Beer will be sold at select grocery stores in Ontario just in time for Christmas, Premier Kathleen Wynne said at a press conference Sept. 23.
Approximately 60 grocery stores will receive permission to sell beer beginning in December this year. It will end the monopoly on beer that the Beer Store and the LCBO have held.
The Ontario government will implement beer sales in roughly 450 grocery stores within a span of ten years.

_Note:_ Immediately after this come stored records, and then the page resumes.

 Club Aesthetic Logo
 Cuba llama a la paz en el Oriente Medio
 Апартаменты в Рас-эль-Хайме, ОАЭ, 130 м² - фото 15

Up to 13 supermarkets in eastern Ontario will have beer for sale by Christmas.
McGill University professor Robert David said beer prices may possibly rise based on supply patterns.
“Breweries generally prefer central distribution through beer stores, as this is much easier and cheaper for them,” David said. “In most cases, they actually pay for the fridge in corner stores, and this raises costs.”
“It is also much more complicated to deliver to a bunch of small stores than to one central outlet,” he added.
Hannah Roblin, a third-year child studies student at Carleton University, said she believes the changes will impact students negligibly.
“I think just in terms of access maybe a bit more will be sold, but I don’t think it will skyrocket,” she said.
Twenty per cent of the shelf space in grocery stores will be reserved for smaller breweries within the Beer Store network.
Wynne described these changes as a way of leveling the playing field and said this could be seen as a long-awaited holiday gift for some Ontarians.